[Python-Dev] defaultdict proposal round three

Steven Bethard steven.bethard at gmail.com
Mon Feb 20 23:58:09 CET 2006

I wrote:
>    # I want to do ``dd[item] += 1``

Guido van Rossum wrote:
> You don't need a new feature for that use case; d[k] = d.get(k, 0) + 1
> is perfectly fine there and hard to improve upon.

Alex Martelli wrote:
> I see d[k]+=1 as a substantial improvement -- conceptually more
> direct, "I've now seen one more k than I had seen before".

Guido van Rossum wrote:
> Yes, I now agree. This means that I'm withdrawing proposal A (new
> method) and championing only B (a subclass that implements
> __getitem__() calling on_missing() and on_missing() defined in that
> subclass as before, calling default_factory unless it's None).
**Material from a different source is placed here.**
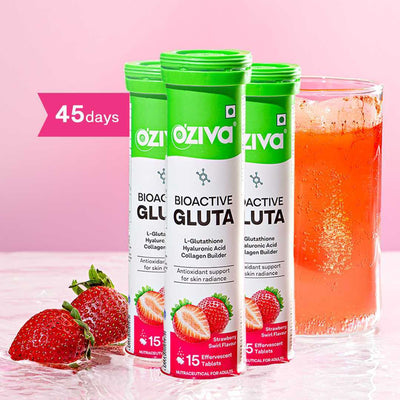 Gluta Fizzy | Glutathione Tablets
Probably already obvious from my previous post, but FWIW, +1.

Two unaddressed issues:

* What module should hold the type?  I hope the collections module
isn't too controversial.

* Should default_factory be an argument to the constructor?  The three
answers I see:

  - "No."  I'm not a big fan of this answer.  Since the whole point of
creating a defaultdict type is to provide a default, requiring two
statements (the constructor call and the default_factory assignment)
to initialize such a dictionary seems a little inconvenient.
  - "Yes and it should be followed by all the normal dict constructor
arguments."  This is okay, but a few errors, like
``defaultdict({1:2})`` will pass silently (until you try to use the
dict, of course).
  - "Yes and it should be the only constructor argument."  This is my
favorite mainly because I think it's simple, and I couldn't think of
good examples where I really wanted to do ``defaultdict(list,
some_dict_or_iterable)`` or ``defaultdict(list,
**some_keyword_args)``.  It's also forward compatible if we need to
add some of the dict constructor args in later.

Grammar am for people who can't think for myself.